Called by `LoadBalancer.select_nodes/3` to pick multiple distinct nodes for a given key. Used for replica selection. Algorithms that don't implement this fall back to returning randomly shuffled nodes.

```elixir
@callback on_node_change(load_balancer_name(), {:joined | :left, [node()]}) :: :ok
```

Called when the `:pg` group membership changes.

```elixir
@callback release_node(load_balancer_name(), node()) :: :ok
```

Called after an RPC call completes to clean up per-node state.

---

## Built-in Algorithms

All algorithms live under `RpcLoadBalancer.LoadBalancer.SelectionAlgorithm.*`.

### Random

Picks a random node using `Enum.random/1`. No state, no configuration.

### RoundRobin

Cycles through nodes using an atomic ETS counter (`CounterCache`). The counter auto-resets after 10,000,000 to prevent overflow.

### LeastConnections

Tracks active connections per node with ETS counters. Always picks the node with the lowest count. Increments on selection, decrements on `release_node/2`.

Implements: `init/2`, `choose_from_nodes/3`, `on_node_change/2`, `release_node/2`

### PowerOfTwo

Samples two random nodes and picks the one with fewer active connections. Same counter infrastructure as LeastConnections but with O(1) selection cost instead of O(n).
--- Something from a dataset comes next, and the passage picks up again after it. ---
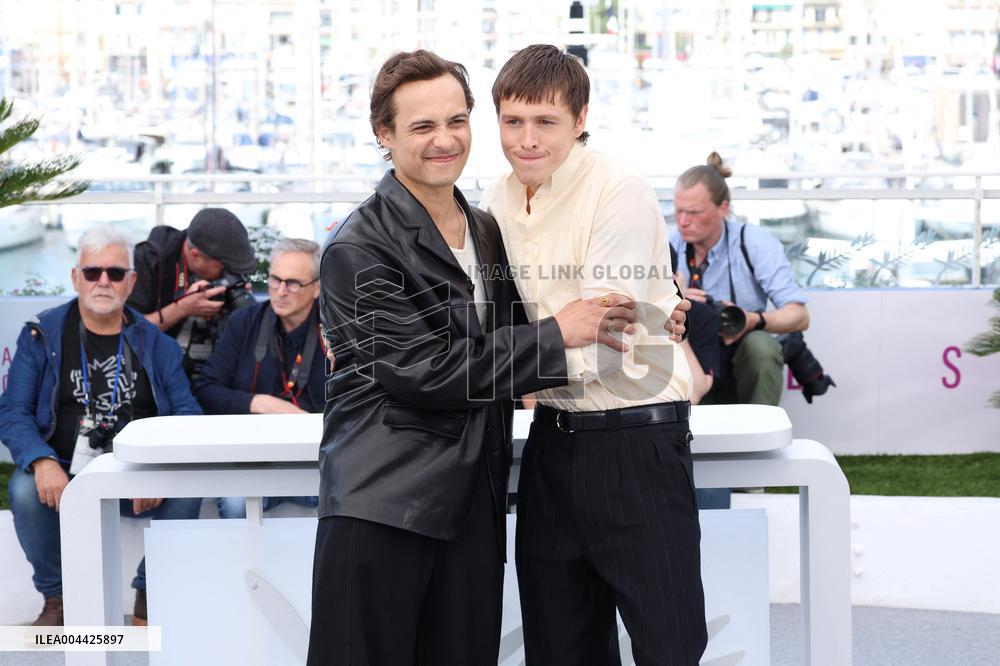 Cannes Urchin Photocall JD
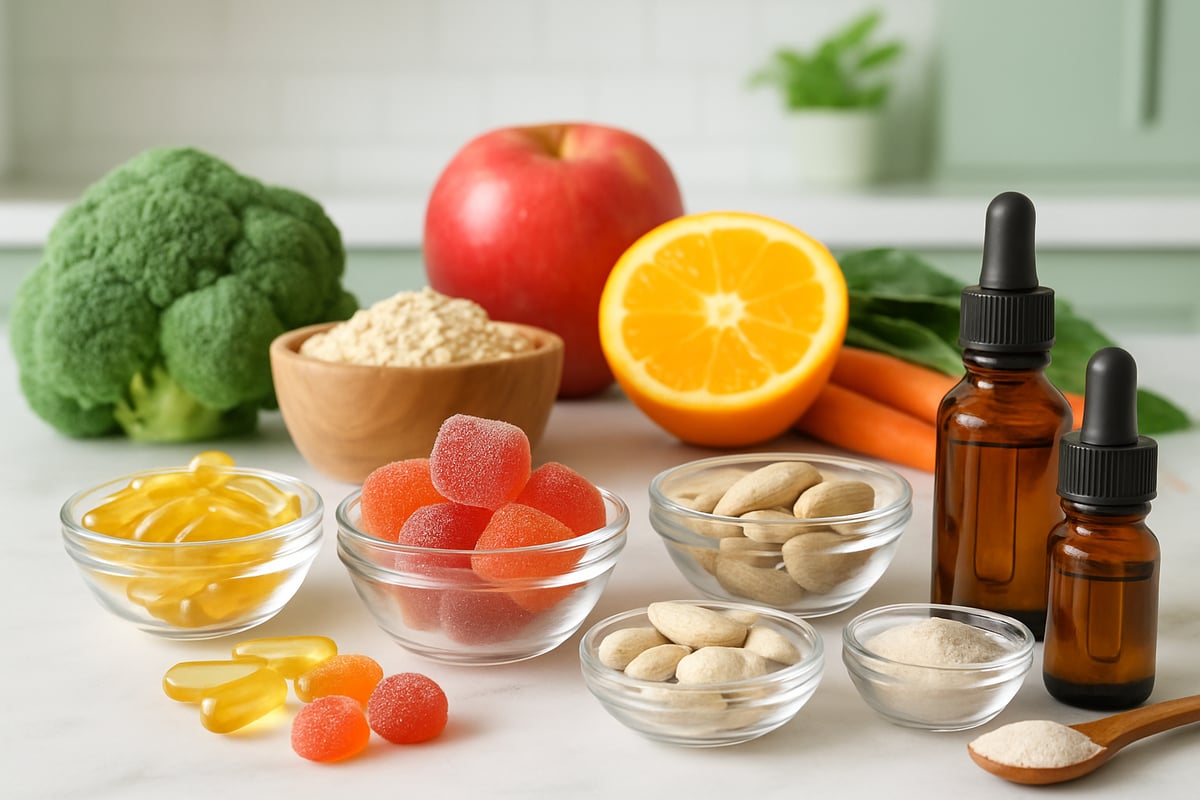 Understanding Food Supplement Vitamins: Types, Functions, and Sources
Implements: `init/2`, `choose_from_nodes/3`, `on_node_change/2`, `release_node/2`

### HashRing

Consistent hash ring powered by [`libring`](https://hex.pm/packages/libring). Each physical node is sharded into `weight` points (default: 128) distributed across a `2^32` continuum using SHA-256. Key lookup finds the next highest shard on the ring via `gb_tree`. Falls back to random selection when no key is given. The ring is stored in ETS and lazily rebuilt when topology changes.

Supports replica selection via `choose_nodes/4` using `HashRing.key_to_nodes/3` — returns multiple distinct nodes for a given key, walking the ring from the primary shard.

**Algorithm options:**
- `:weight` — number of shards per physical node (default: `128`)

Implements: `init/2`, `choose_from_nodes/3`, `choose_nodes/4`, `on_node_change/2`

### WeightedRoundRobin

Expands the node list by duplicating each node according to its weight, then cycles through with an atomic counter. Weights are passed via `algorithm_opts: [weights: %{node => integer}]`. Nodes without an explicit weight default to 1.

Implements: `init/2`, `choose_from_nodes/3`

---

## Internal Modules

These modules are not part of the public API but are documented here for contributors.

### `RpcLoadBalancer.LoadBalancer.Pg`

Starts and wraps the `:pg` scope (`:rpc_load_balancer`). Started as a child of the application supervisor.

### `RpcLoadBalancer.LoadBalancer.AlgorithmCache`

ETS cache (via `elixir_cache`) that maps `load_balancer_name -> algorithm_module`. Configured with `read_concurrency: true` and `write_concurrency: true`.

### `RpcLoadBalancer.LoadBalancer.CounterCache`

ETS cache (via `elixir_cache`) used for atomic counters (round robin indices, connection counts) and weight storage. Configured with `read_concurrency: true` and `write_concurrency: true`.